Should a good system sound bad with bad recording?


A friend of mine came home with a few CDs burnt out of "official" bootleg recordings of Pearl Jam NorAm tour...the sound was so crappy that he looked at me a bit embarrassed, thinking "very loud" that my system was really not great despite the money I spent. I checked the site he downloaded from...full concerts are about 200 MB on average. I guess I am dealing with a case of ultra-compressed files. Should I be proud that the sound was really crappy on my set up?!!!!
beheme
200 MB for a two hour concert simply must have some audio compression to compromise the music. The most common compression schemes for full WAV files (SHN and FLAC) can sometimes get over 50 per cent reduction in size, but that is generally when the music is sparse enough to allow for it. And Pearl Jam is not exactly known for a lot of air between the music. Since a one hour CD generally contains about 600 MB of music, I'd expect a two hour rock concert compressed with a "lossless" compression scheme to be more like 600 MB.

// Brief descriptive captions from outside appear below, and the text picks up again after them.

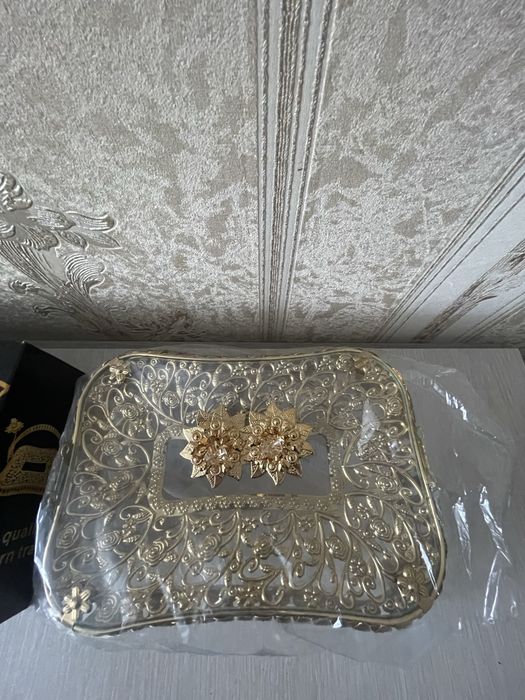 Продам подставку  на стол.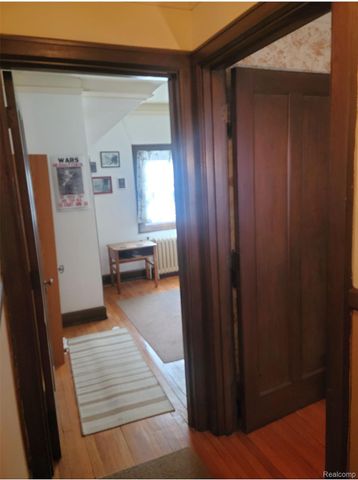 2475 Iroquois Street, Detroit, MI 48214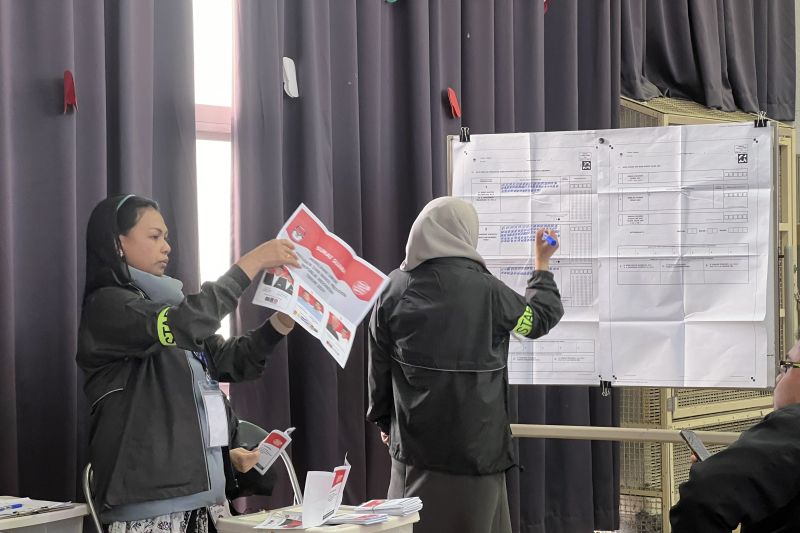 Prabowo-Gibran unggul sementara di TPS Tokyo Prabowo-Gibran unggul sementara di TPS Tokyo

I'd say that Pearl Jam compromized the audio quality so the download time was a reasonable size for the average downloader. If the same concert were available as a CD, which Pearl Jam has done in the past, I'd expect it to have better sound quality.

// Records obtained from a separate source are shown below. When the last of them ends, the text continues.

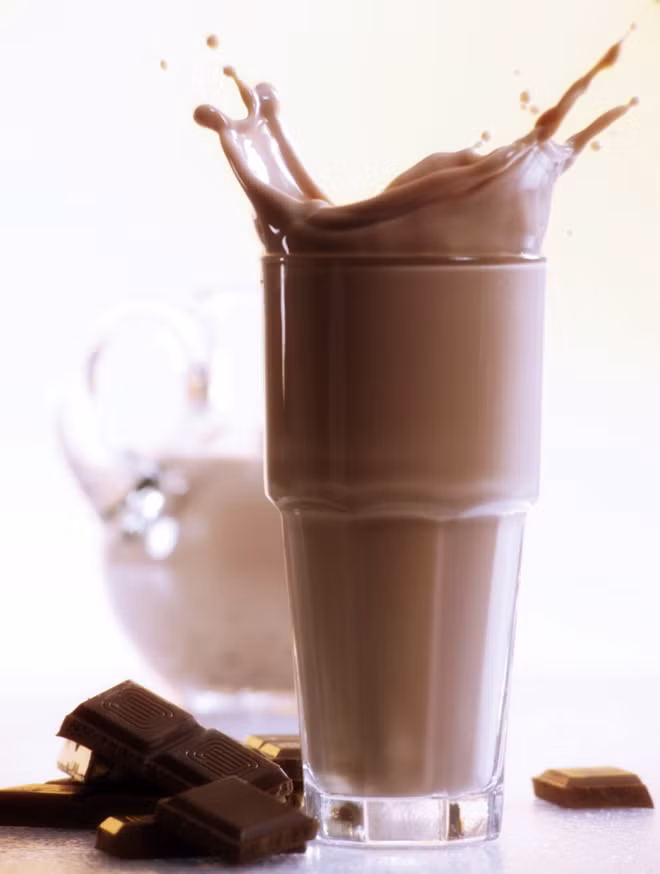 Socola sữa làm tăng năng lượng của bạn và cung cấp dinh dưỡng cho cơ thể. Với những sản phẩm có chứa ít chất béo hoặc sữa tách kem socola rất phù hợp cho cơ thể sau khi tập gym bởi vì nó chứa ít calo và giàu canxi. Bạn có thể làm socola sữa ở nhà bằng cách sử dụng sữa khô, nước và một ít socola và mang đến thưởng thức tại phòng thể dục.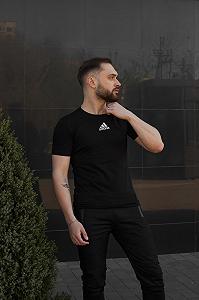 Футболка Adidas чорна лого центр synthetic.ua - Фото 1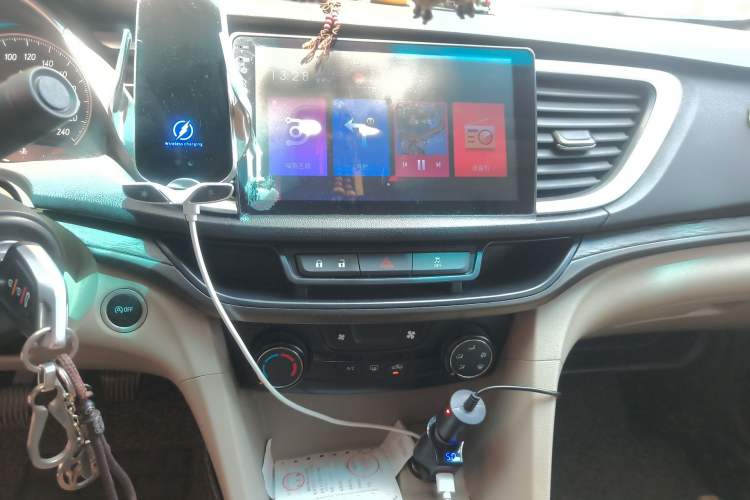 Used Buick GT 2018 15T Manual Elite Version China V Standard Audio And AC Panel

i thought we were talking about the version on a commercially available cd, not the internet download.
"your mindset determines prat". Nope, my feet do. What speakers do you have?
Jaybo:
"your mindset" does not determine a musician's timing, nor does it determine your system's ability to convey that timing accurately. If you think timing in music = "farfegnugen", you and I are indeed way beyond the point of debate. I know from personal experience what I mean by good timing in music. AND, I know when an audio system faithfully reproduces good timing and when it does not. If you have yet to experience these things, I hope you soon get the opportunity. As I said earlier, you made sense in other things you said.